◆ SOURCE INFORMATION ◆
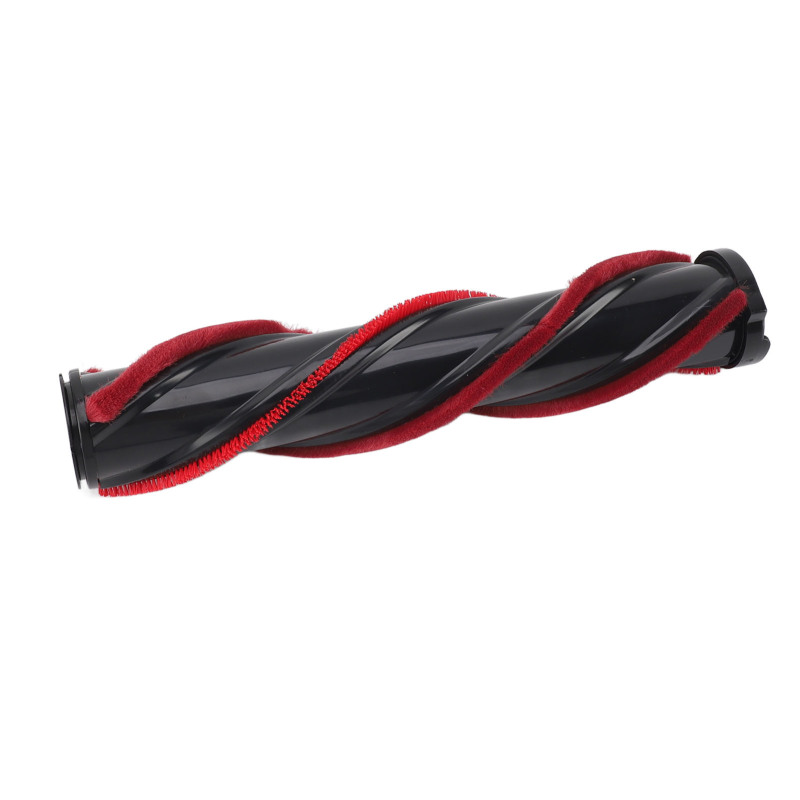 rouleau aspirateur nettoyage poils animaux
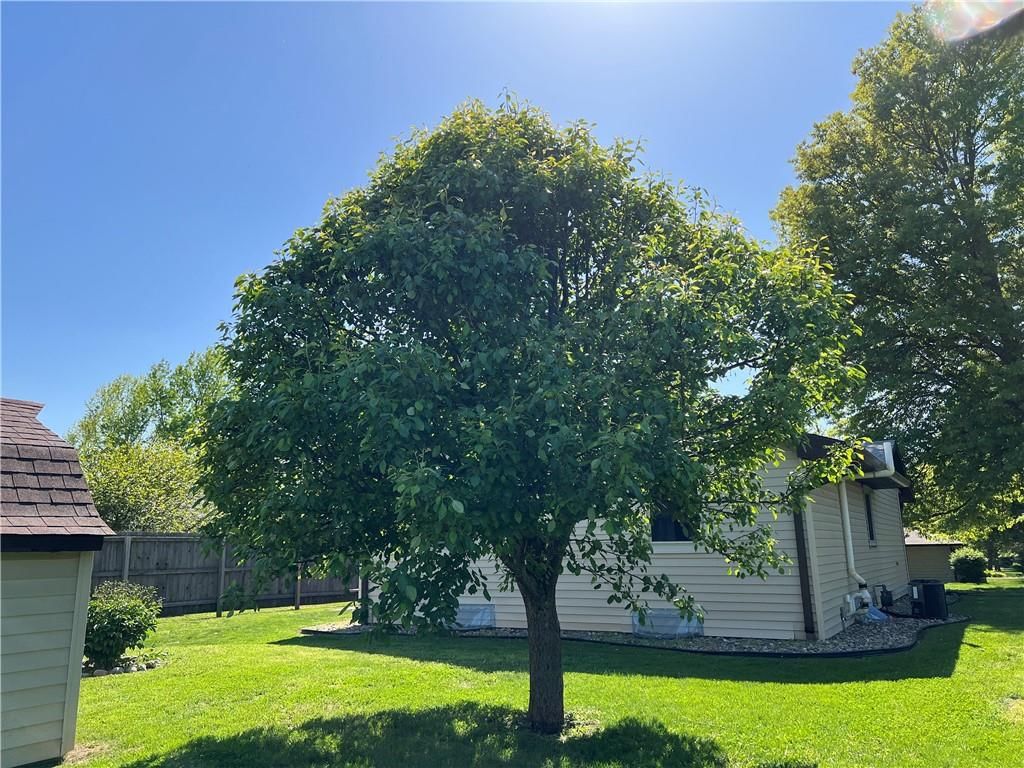 1643 N Ray Avenue — photo 25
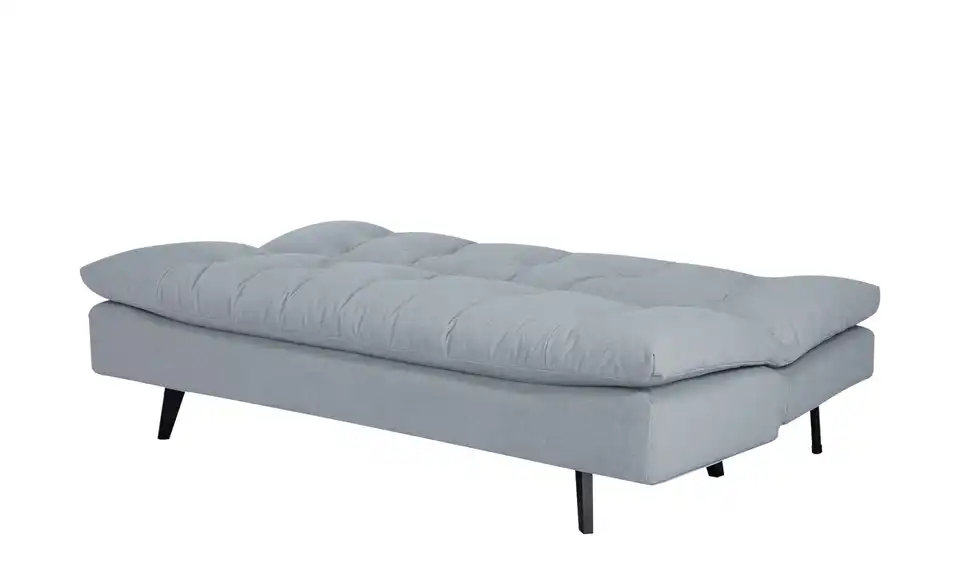 Schlafsofa Anessa, Funktionsansicht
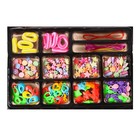 Набор для творчества «Студия украшений» My little pony - Фото 2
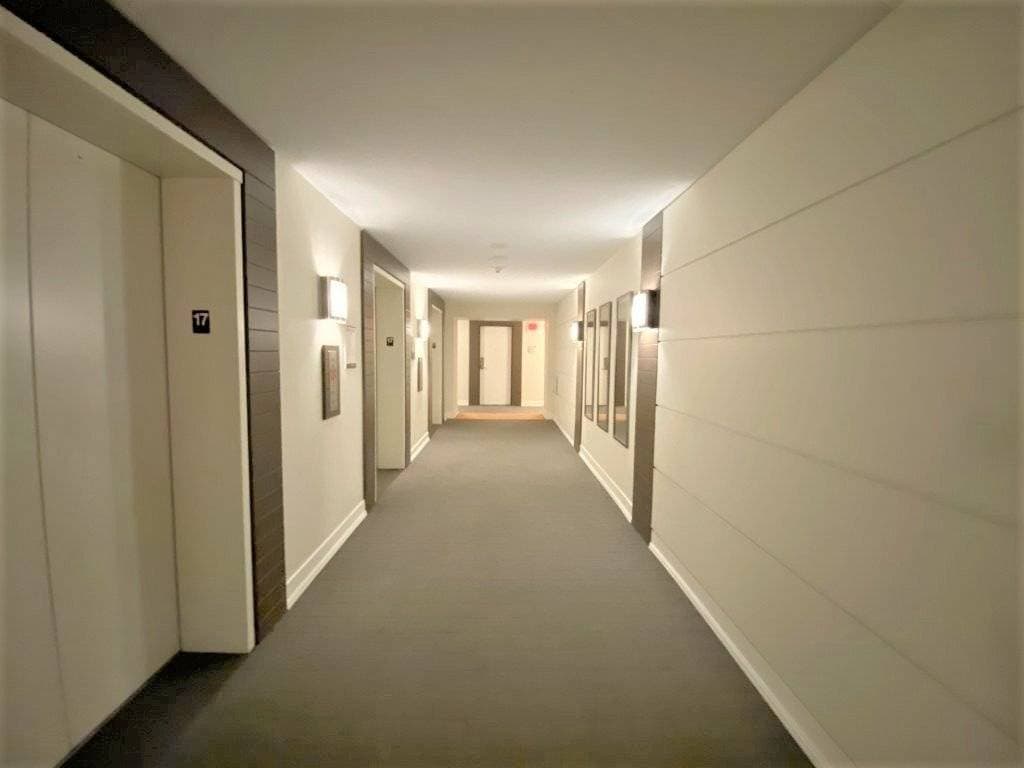 2191 Yonge St - 1701 - Photo 32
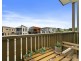 18 Vance Lane, Mango Hill QLD 4509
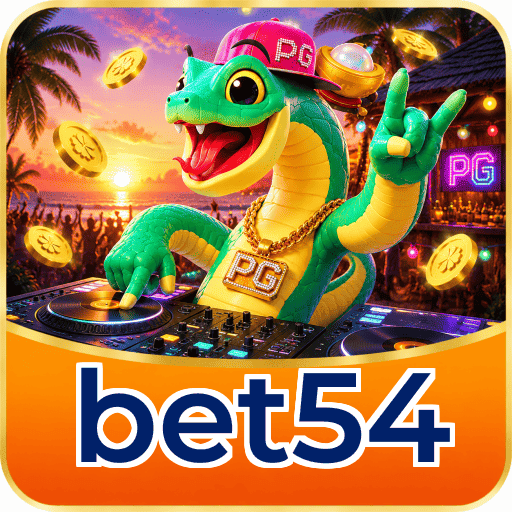 bet54 Download Oficial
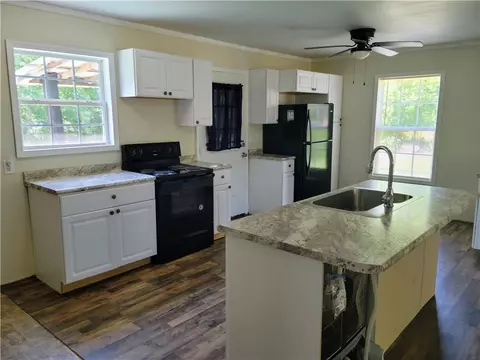 707 Swaney Ln, Pendleton, SC 29670 photo 9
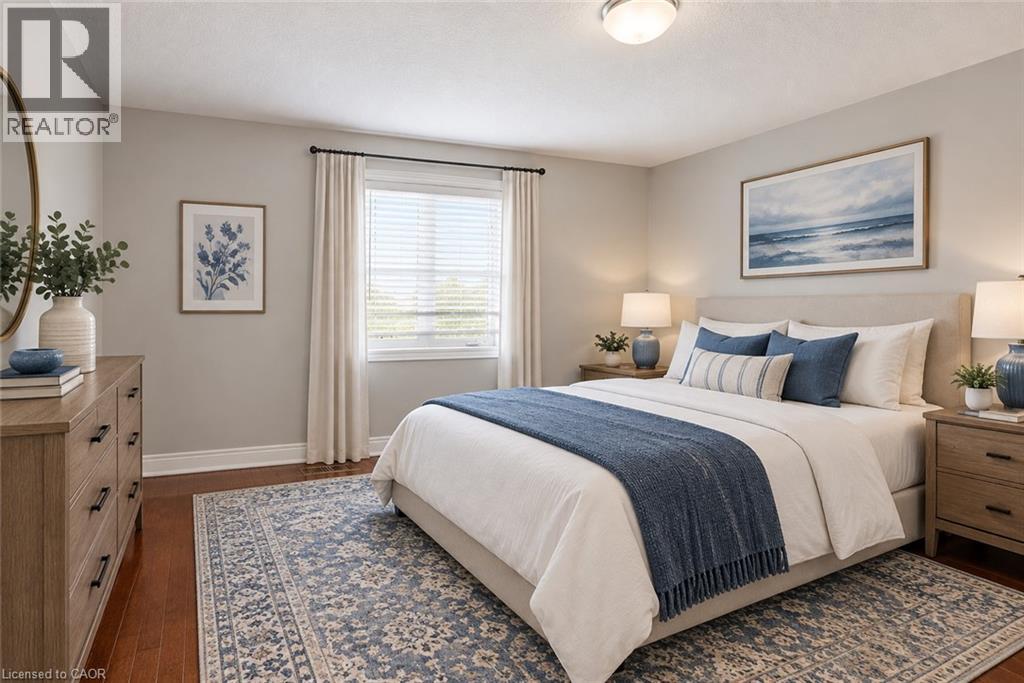 261 Federal Street, Hamilton, Ontario  L8E 1P8 - Photo 31 - 40865588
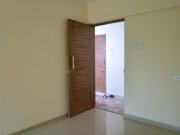 1 Bedroom 610 Sq.Ft. Apartment in Badlapur East Thane...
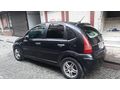 Sahibinden Citroen C3 1.4 HDi Confort 2005 Model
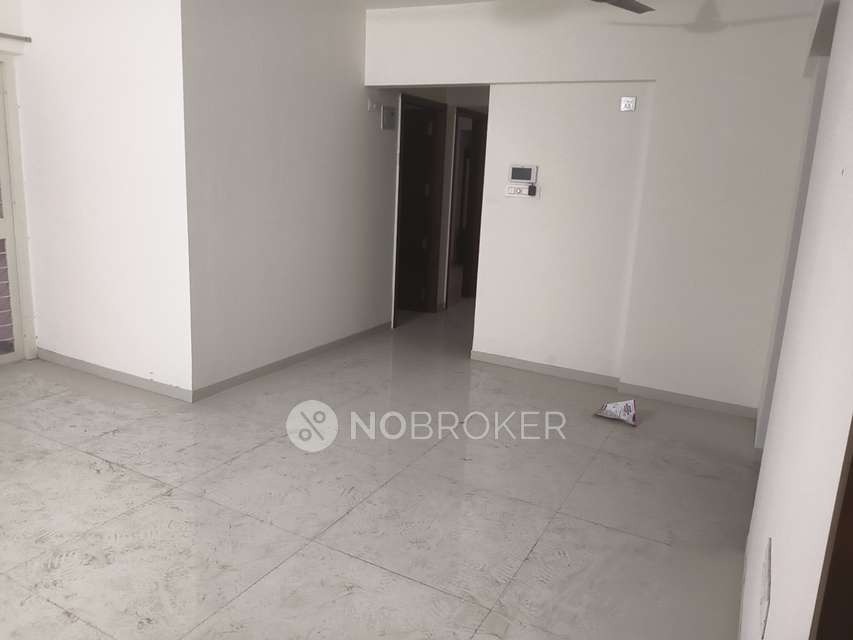 3 BHK Flat In Vrunda Shlok for Rent  In Pimpri-chinchwad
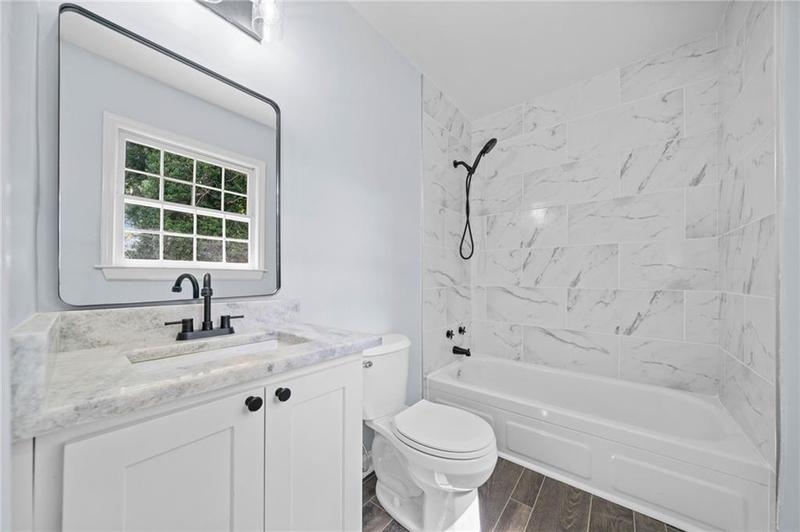 Image for property 463 Flint Trail, Jonesboro, GA 30236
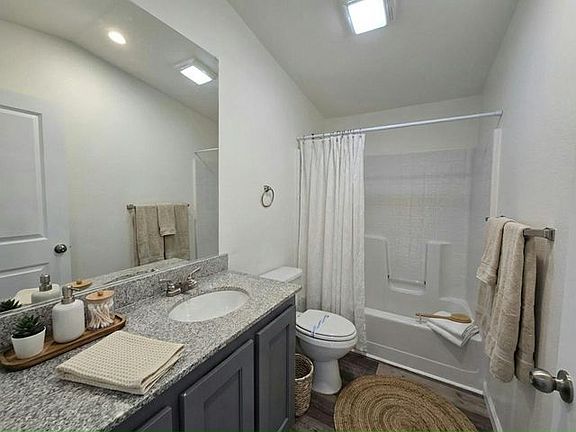 5th image of 3825 N Nellis Blvd Trailer 67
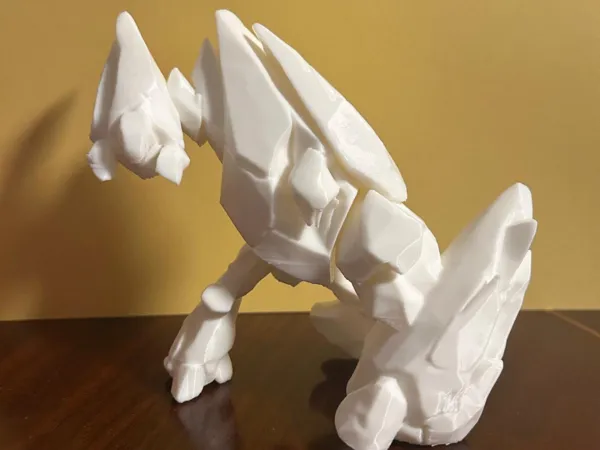 https://makerworld.bblmw.com/makerworld/model/US7db9245f9b785c/design/2025-10-23_45aaa52d87e318.jpg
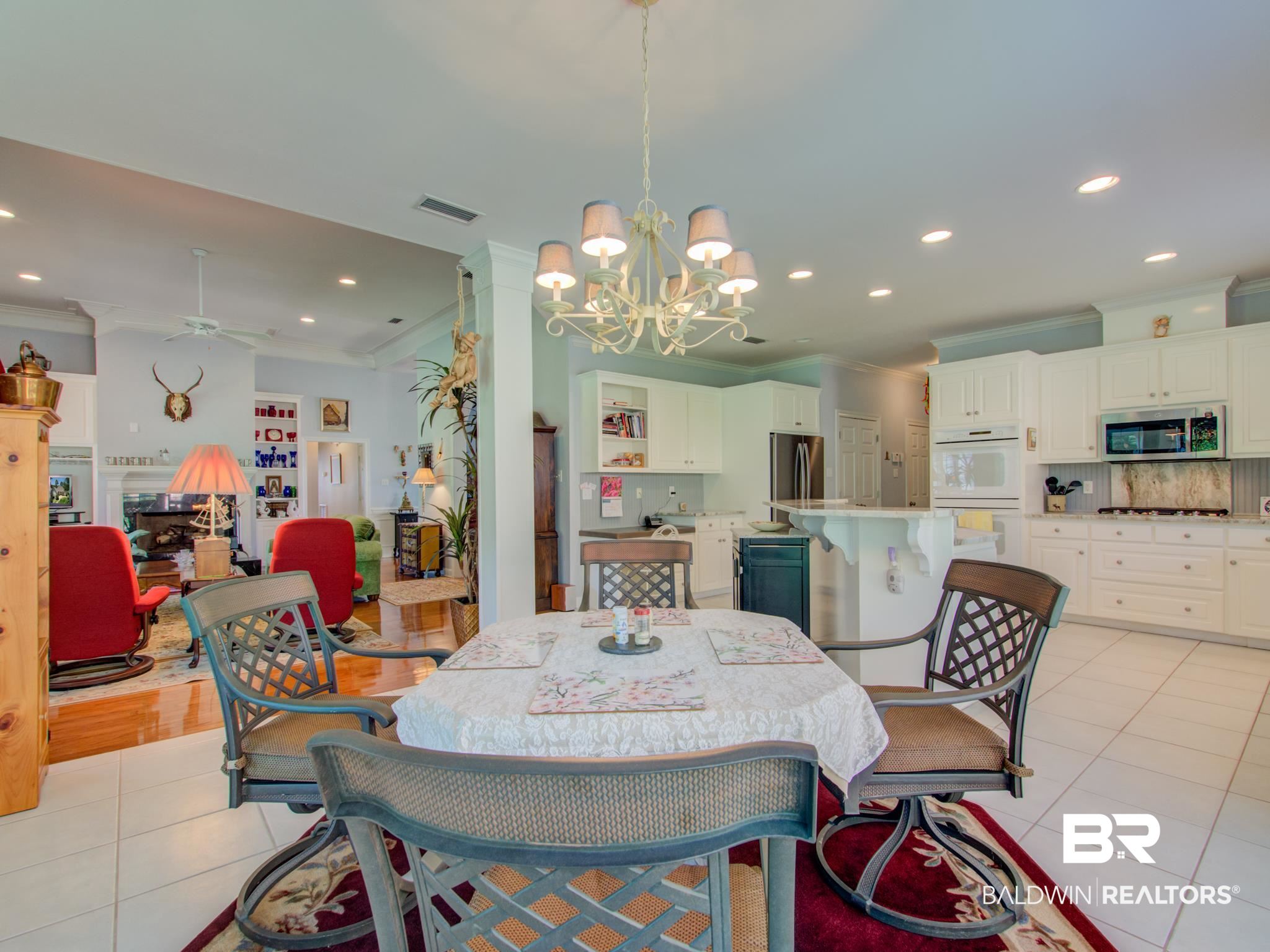 127 Sandy Shoal Loop Fairhope, AL 36532 - Photo 13 of 39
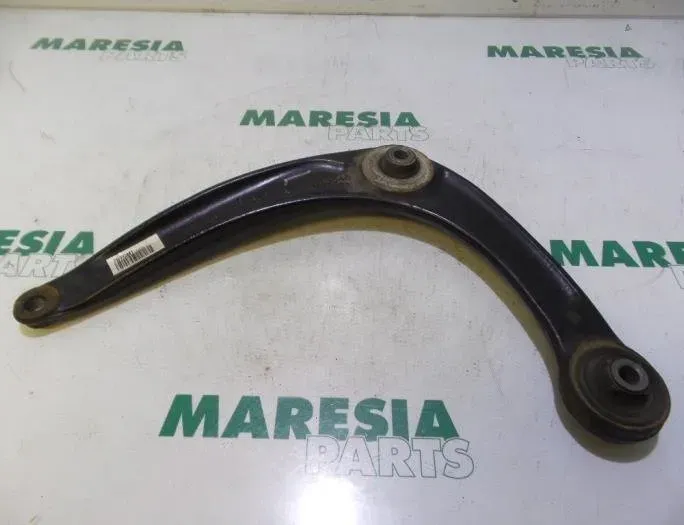 PEUGEOT 5008 1 generation (2009-2016) Fourche droite avant gauche 1610938080,833548,3520V2 27771375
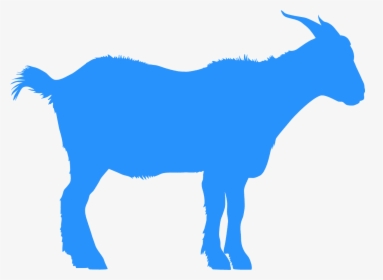 Detail Kambing Vector Png Nomer 37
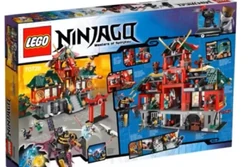 アセッテナイ 楽天市場】セイコー SEIKO 8R28-00M0/SAEK017 ブライツ アナンタ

◆ TASK REQUIREMENTS ◆
Your answer must be the full listing, word for word, minus any images.

◆ FINISHED EXERCISE ◆
 rouleau aspirateur nettoyage poils animaux
 1643 N Ray Avenue — photo 25
 Schlafsofa Anessa, Funktionsansicht
 Набор для творчества «Студия украшений» My little pony - Фото 2
 2191 Yonge St - 1701 - Photo 32
 18 Vance Lane, Mango Hill QLD 4509
 bet54 Download Oficial
 707 Swaney Ln, Pendleton, SC 29670 photo 9
 261 Federal Street, Hamilton, Ontario  L8E 1P8 - Photo 31 - 40865588
 1 Bedroom 610 Sq.Ft. Apartment in Badlapur East Thane...
 Sahibinden Citroen C3 1.4 HDi Confort 2005 Model
 3 BHK Flat In Vrunda Shlok for Rent  In Pimpri-chinchwad
 Image for property 463 Flint Trail, Jonesboro, GA 30236
 5th image of 3825 N Nellis Blvd Trailer 67
 https://makerworld.bblmw.com/makerworld/model/US7db9245f9b785c/design/2025-10-23_45aaa52d87e318.jpg
 127 Sandy Shoal Loop Fairhope, AL 36532 - Photo 13 of 39
 PEUGEOT 5008 1 generation (2009-2016) Fourche droite avant gauche 1610938080,833548,3520V2 27771375
 Detail Kambing Vector Png Nomer 37
 アセッテナイ 楽天市場】セイコー SEIKO 8R28-00M0/SAEK017 ブライツ アナンタ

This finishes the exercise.